Provided records:
- - - - -

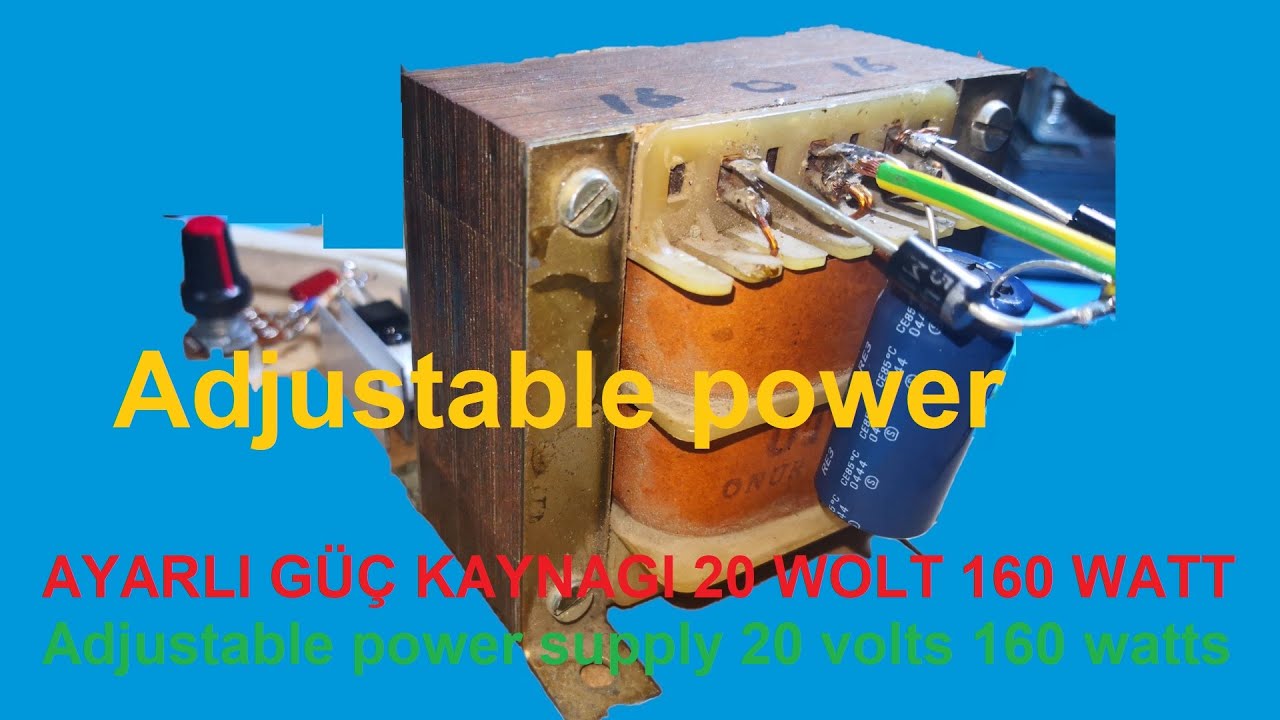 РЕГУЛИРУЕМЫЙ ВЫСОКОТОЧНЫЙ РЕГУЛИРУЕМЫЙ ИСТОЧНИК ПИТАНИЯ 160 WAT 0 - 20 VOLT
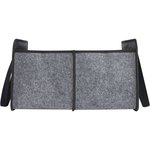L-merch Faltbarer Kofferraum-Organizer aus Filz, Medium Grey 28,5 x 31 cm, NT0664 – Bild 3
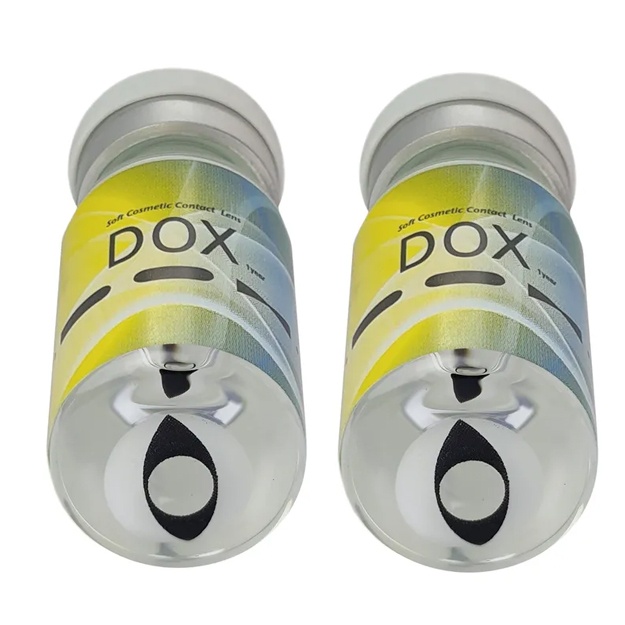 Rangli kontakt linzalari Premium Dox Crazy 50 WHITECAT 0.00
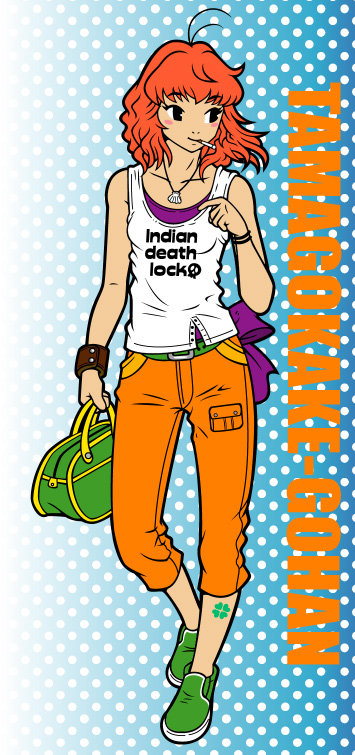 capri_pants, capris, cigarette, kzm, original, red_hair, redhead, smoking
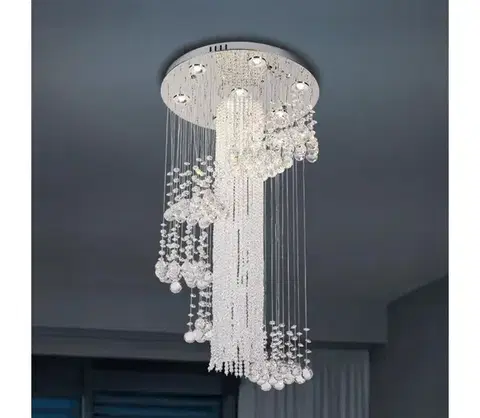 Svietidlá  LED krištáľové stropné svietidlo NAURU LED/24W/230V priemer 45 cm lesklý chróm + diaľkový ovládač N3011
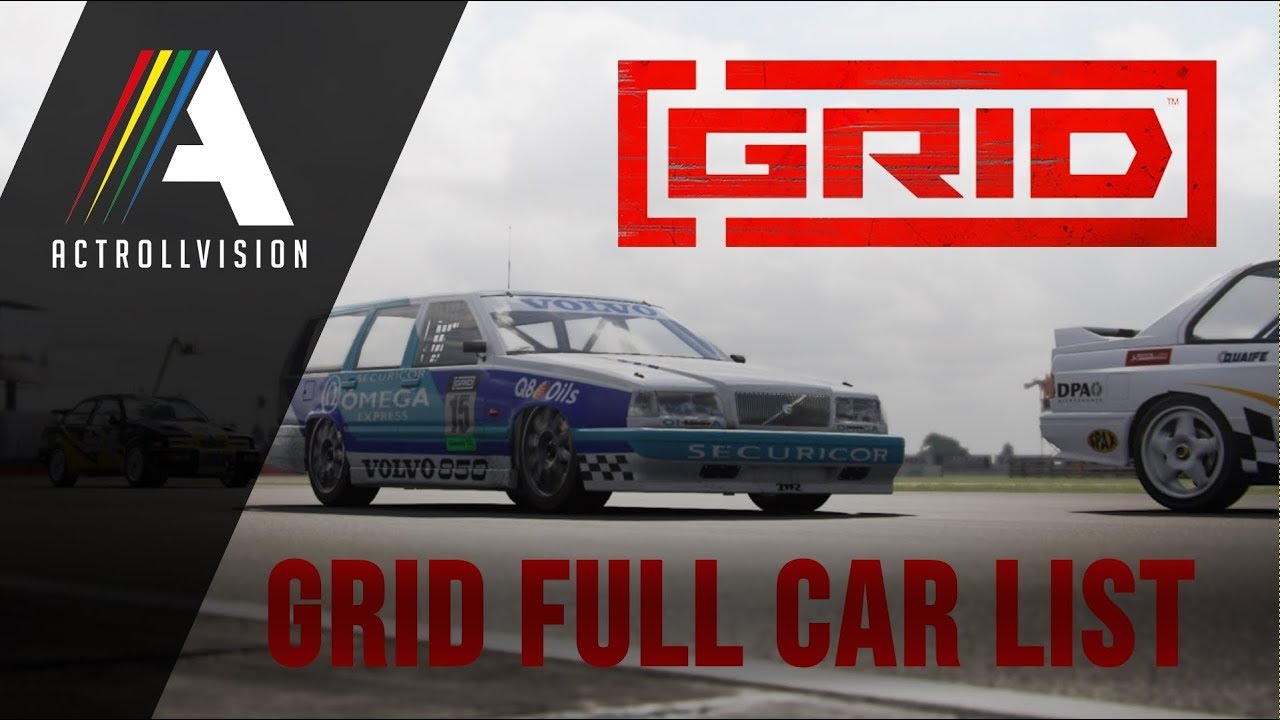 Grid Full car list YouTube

- - - - -

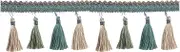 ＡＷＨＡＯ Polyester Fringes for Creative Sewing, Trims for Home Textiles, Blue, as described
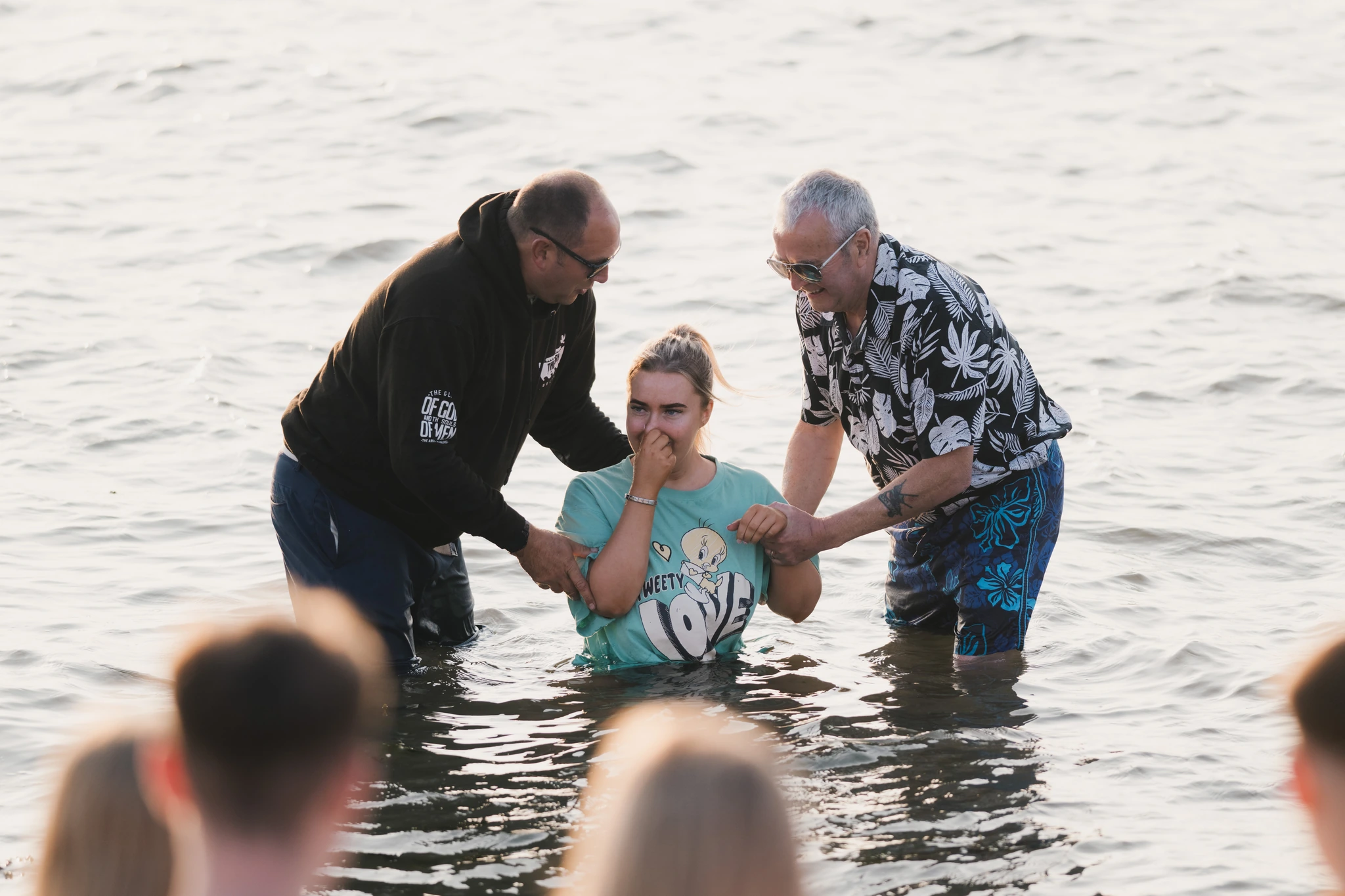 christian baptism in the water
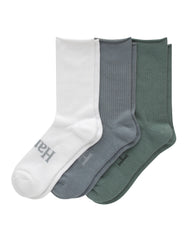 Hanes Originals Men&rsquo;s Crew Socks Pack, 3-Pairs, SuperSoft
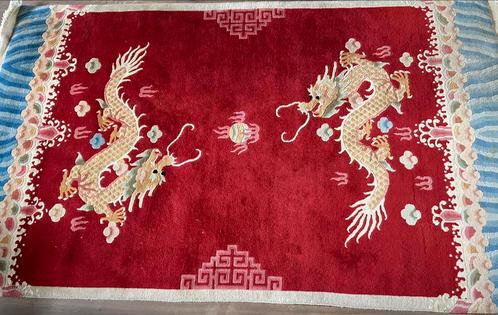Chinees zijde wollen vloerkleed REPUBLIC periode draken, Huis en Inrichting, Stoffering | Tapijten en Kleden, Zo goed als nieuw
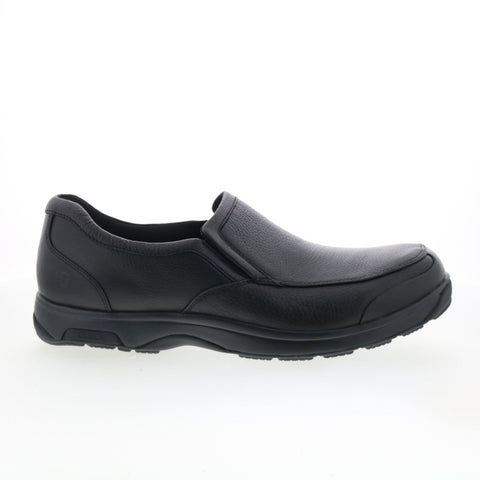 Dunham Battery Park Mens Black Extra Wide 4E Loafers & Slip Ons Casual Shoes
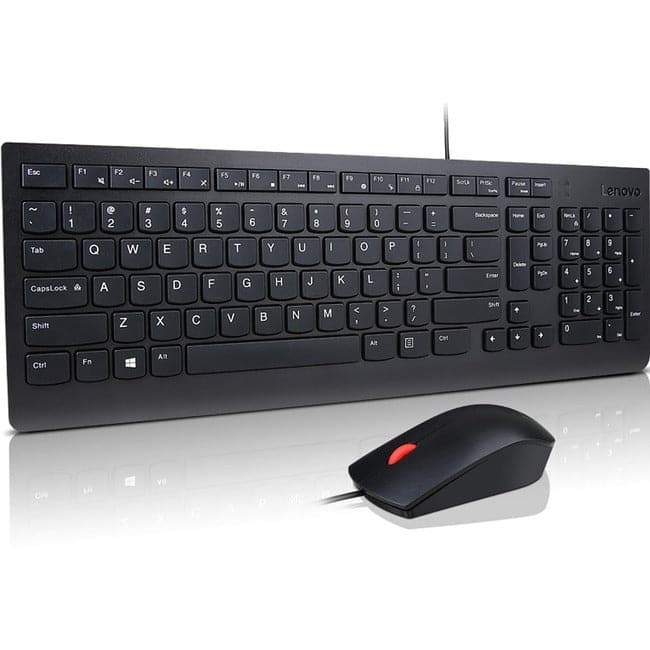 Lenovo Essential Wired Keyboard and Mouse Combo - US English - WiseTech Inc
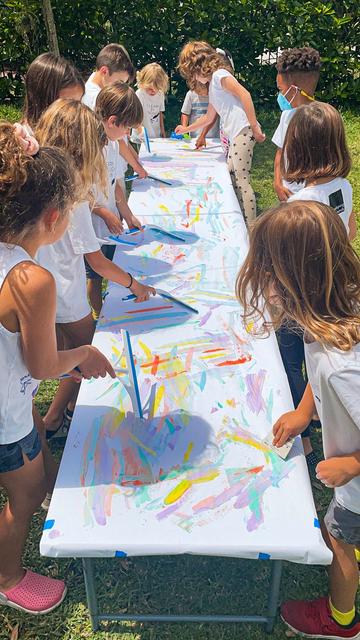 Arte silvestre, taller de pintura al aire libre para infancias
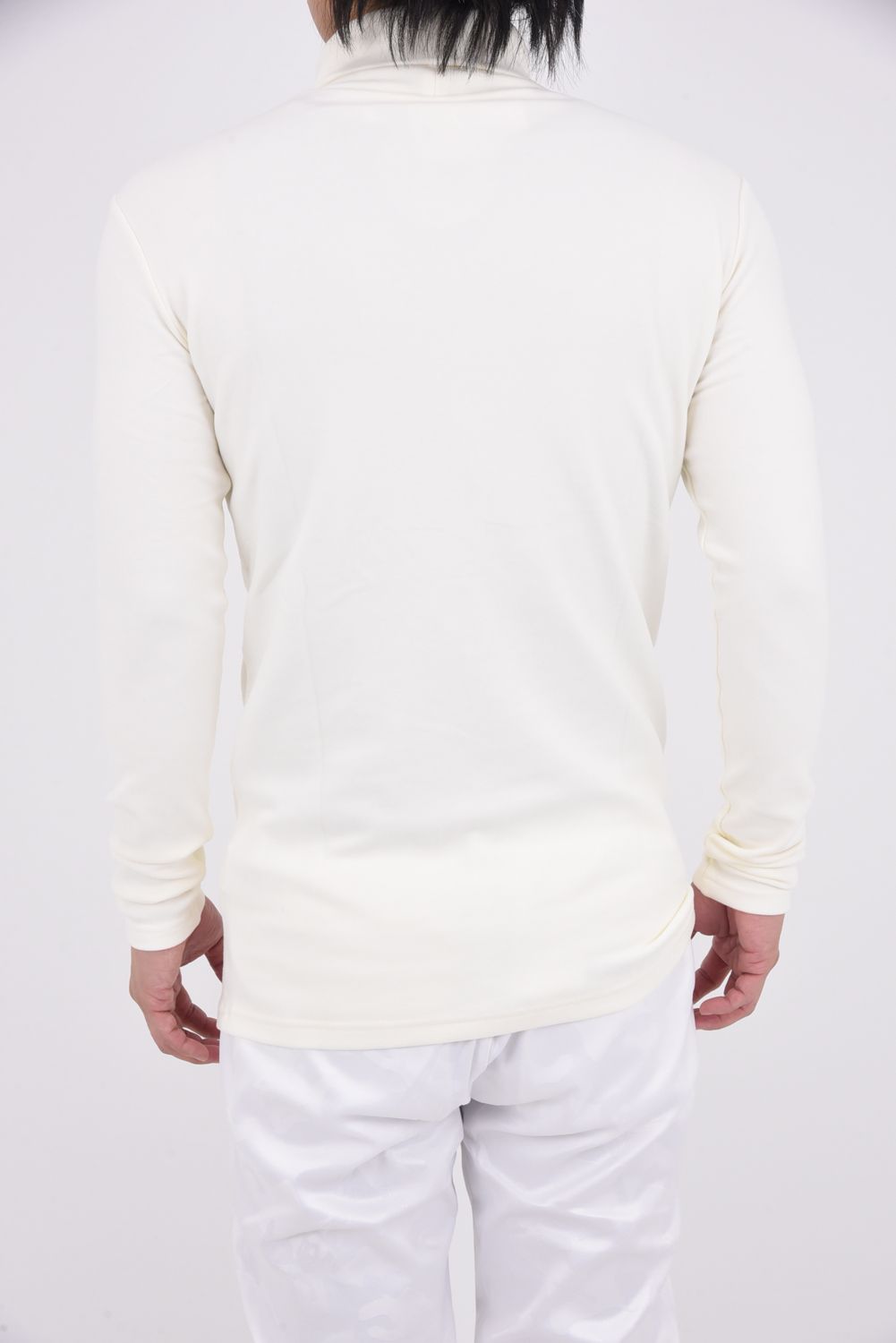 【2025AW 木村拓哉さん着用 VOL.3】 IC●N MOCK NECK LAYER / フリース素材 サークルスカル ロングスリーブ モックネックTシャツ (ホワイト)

- - - - -

Work to be completed: The expected output is the lines above from the one containing "РЕГУЛИРУЕМЫЙ ВЫСОКОТОЧНЫЙ РЕГУЛИРУЕМЫЙ" to the one containing "Grid Full car list YouTube", both ends included, reproduced exactly with every picture left out.

Answer to the problem:
 РЕГУЛИРУЕМЫЙ ВЫСОКОТОЧНЫЙ РЕГУЛИРУЕМЫЙ ИСТОЧНИК ПИТАНИЯ 160 WAT 0 - 20 VOLT
L-merch Faltbarer Kofferraum-Organizer aus Filz, Medium Grey 28,5 x 31 cm, NT0664 – Bild 3
 Rangli kontakt linzalari Premium Dox Crazy 50 WHITECAT 0.00
 capri_pants, capris, cigarette, kzm, original, red_hair, redhead, smoking
 Svietidlá  LED krištáľové stropné svietidlo NAURU LED/24W/230V priemer 45 cm lesklý chróm + diaľkový ovládač N3011
 Grid Full car list YouTube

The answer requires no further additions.